● **What is expected**: Take the lines from the one with "Magnettafel Rosa Prinzessinnenpflanze" through the end of the material below and repeat them exactly, dropping every picture.

● **Exercise data**:
###
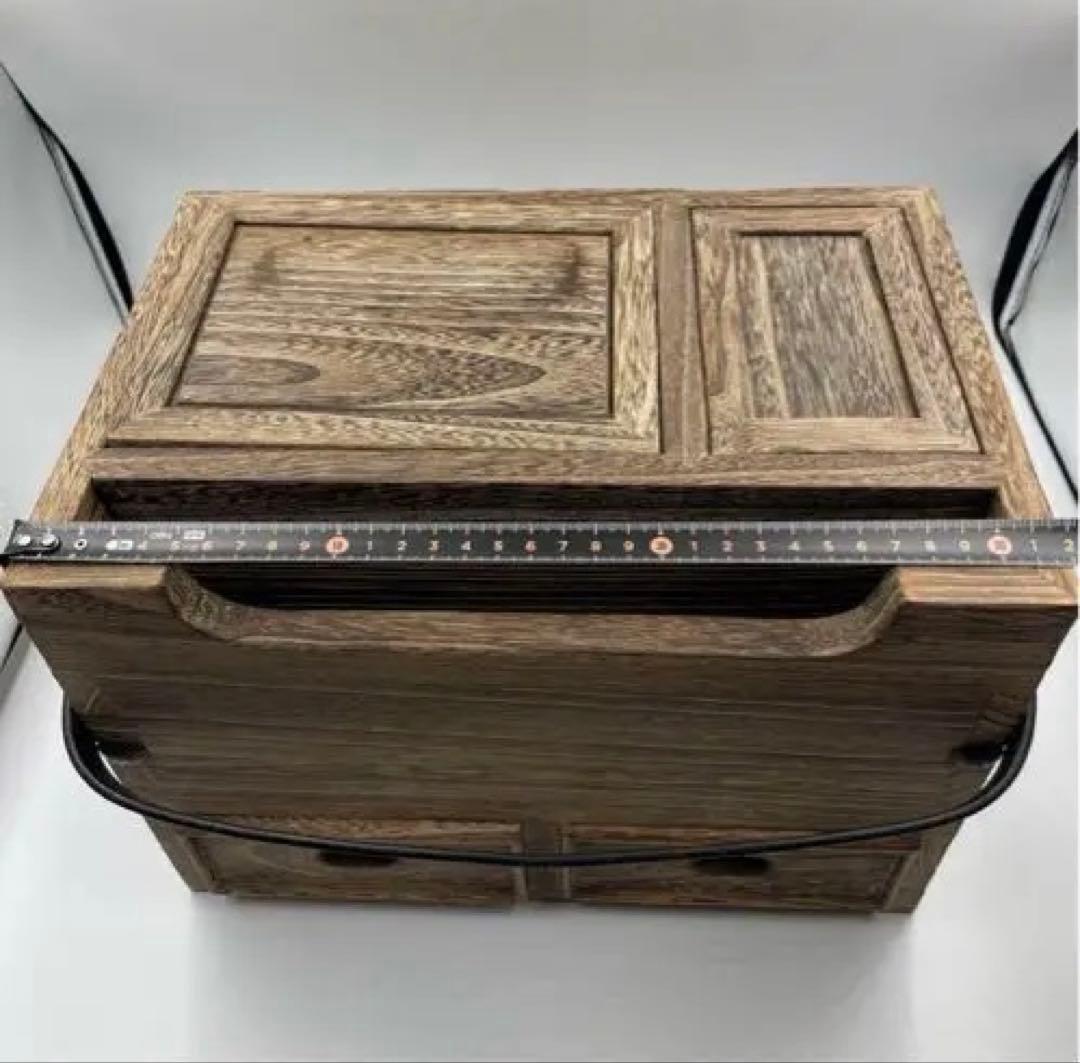 桐火鉢　桐箱　コンパクト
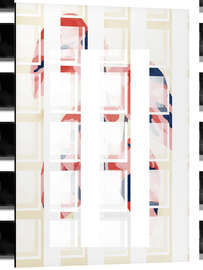 Magnettafel Rosa Prinzessinnenpflanze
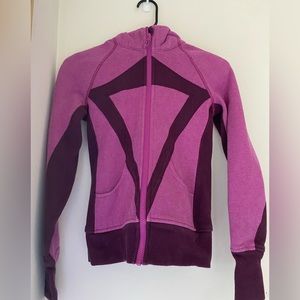 Purple Iviva jacket
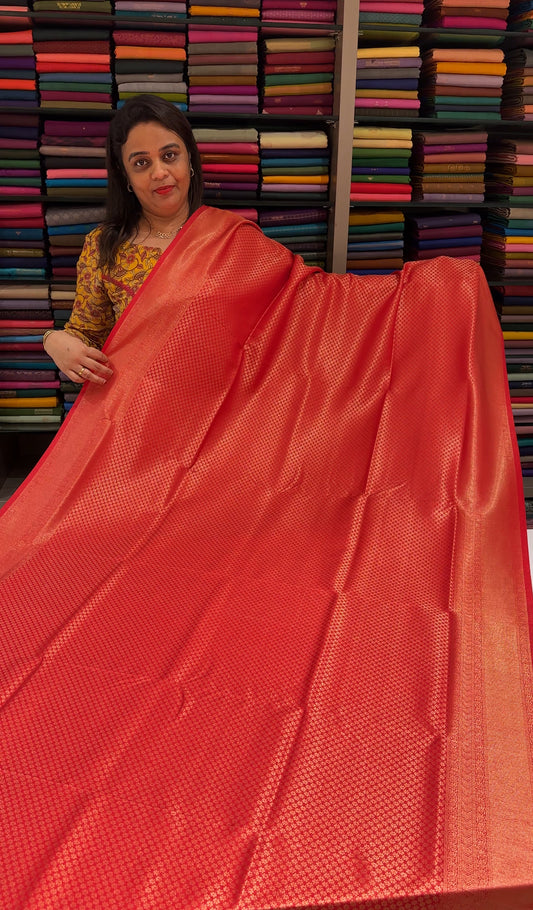 SOFT BANARASI SAREES - IHA 24985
###
● **Output of the exercise**:
 Magnettafel Rosa Prinzessinnenpflanze
 Purple Iviva jacket
 SOFT BANARASI SAREES - IHA 24985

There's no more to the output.